→ **Assignment**
Every line below between the line holding "LOEWE FLAMENCO BAG PURPLE GHW" and the line holding "Honeoye, PA Map of Vehicle Theft Rates", inclusive, should be repeated exactly, and all other lines omitted.

→ **Provided entries**
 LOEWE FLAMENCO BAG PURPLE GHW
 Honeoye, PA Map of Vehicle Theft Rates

--

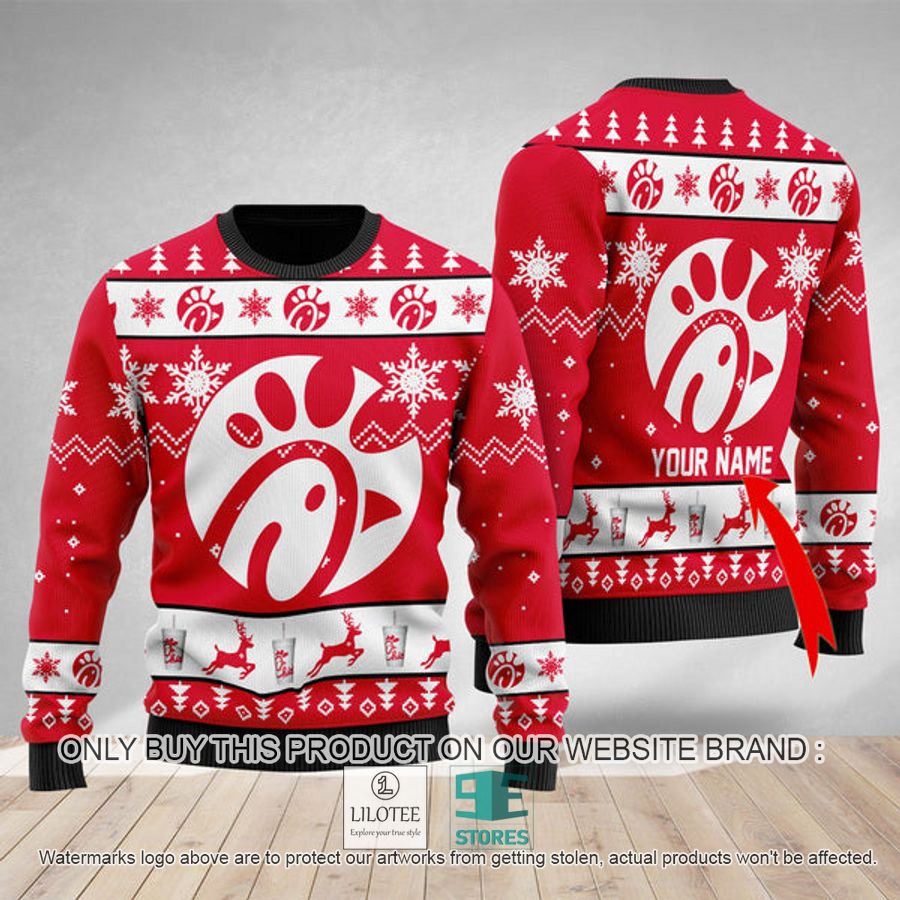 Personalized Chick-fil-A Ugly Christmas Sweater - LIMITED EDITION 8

→ **The answer**
 LOEWE FLAMENCO BAG PURPLE GHW
 Honeoye, PA Map of Vehicle Theft Rates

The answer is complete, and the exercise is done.